Form input data all logged by hackers
This means that the hackers have access to a wide array of passwords, usernames and credit card details from the two hacks that have resulted in thousands of websites being hacked. The potential data gathered could reach up to millions of users around the world.
Supply-Chain attacks on the increase
The last two years have seen a noticeable increase in supply-chain attacks, though hackers have realized that the larger companies are not easy targets anymore. That said, there are still exceptions such as the Asus supply-chain slip up that saw its pre-installed updater packed with malicious code that allowed hackers to install whatever payload they deemed necessary.

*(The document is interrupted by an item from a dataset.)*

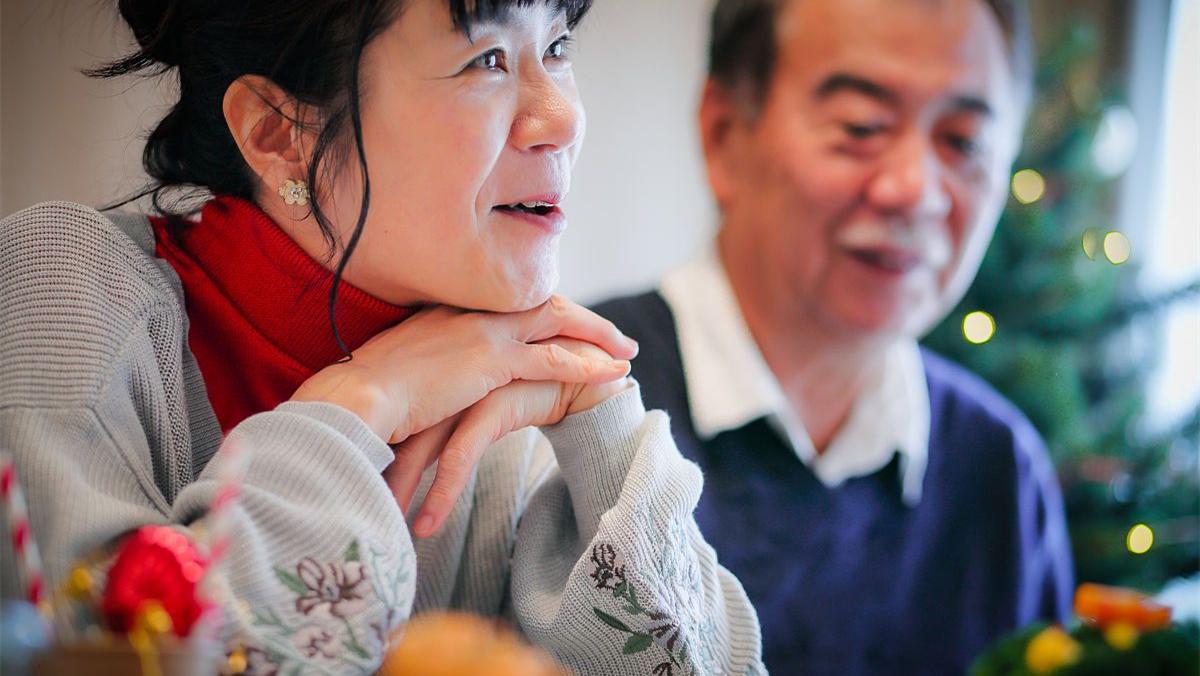 婆婆带着孙子来伺候我坐月子,婆婆过来伺候我儿媳妇坐月子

Hackers have slowly started to focus their attacks on smaller companies that provide scripts and other secondary code to the online equivalent of mom & pop stores. These would be chat widgets, live support scripts, and analytics among other things. Picreel is an example fo the analytics, while Alpaca Forms would be an example of forms being infected. The motivations behind an attack are usually straightforward, as they are mainly financially motivated, though more targetted attacks have been known to install crypto jacking scripts or only stealing data from payment forms.
This attack, on the other hand, was very broad and focused on getting as much information as possible with every single form on the infected websites sending their data to the Panama server. The threat actor behind this latest supply-chain breach has not been identified as of yet, so the exact nature of the attack is still an unknown for the time being.